No matter what happens,
No matter the forsaken grief that envelopes your heart and your being as you endeavor to live
Always remember to walk in the valley of life and to acknowledge all who have walked here and all who are yet to tread upon this sacred ground
We all must make this trek
But to all who have tread before us and to all who are yet to promenade through in the wake of what trailblazing we leave behind
We must always remember to walk in the valley of life, to keep it alive, for it holds a collective memory of a nation.
There are places in our lifetime that nature by its pure resilience has fought with man to conceal its past. In the South of Lebanon many places now that have soaked innocent blood, nature has healed with its green hand.
Wadi al-Hujeir lies from the Litani river in the village of Qaakayiat El Jizr at the lower part of Nabatiyeh city, to the town of Aytaroun in Bint Jbeil district. The reserve is covered with oak and valonia forests. The memories of the resistance martyrs who died in the valley from the seventies and up until the July 2006 war still lingers between its woods and springs.
This militarization began initially as the valley came under occupation and later becoming a front line between the liberated regions and the occupied border strip. There were no paved roads suitable for vehicle traffic. The valley brought back bad memories for those who used to cross it at night, escaping compulsory military services with Israel’s proxy militia.
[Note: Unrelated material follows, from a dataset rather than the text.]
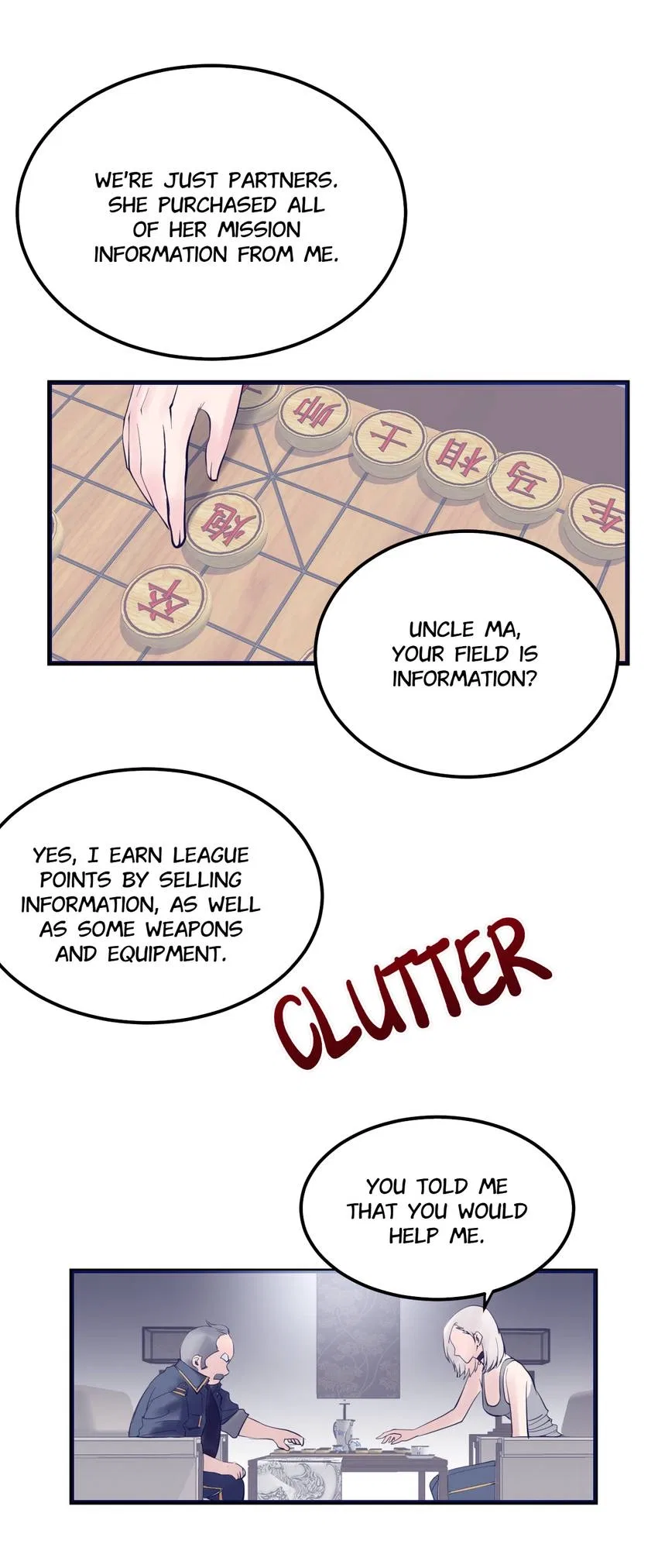 Stuck in a Girl’s Body Chapter 13 – Page 15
It is now listed as a natural reserve. Opening the road though to civilian traffic was not possible until some parts of the valley were cleared from mines and cluster bombs, a task undertaken by the organization Generations for Peace.
In addition to the natural heritage, monuments are included in the scope of the reserve, such as the Dubie Crusader castle in the town of Shaqra, which lies on the ruins of a Roman building.
(The information below is taken from a study done by Dr. Hoteit, referenced at the end of the post).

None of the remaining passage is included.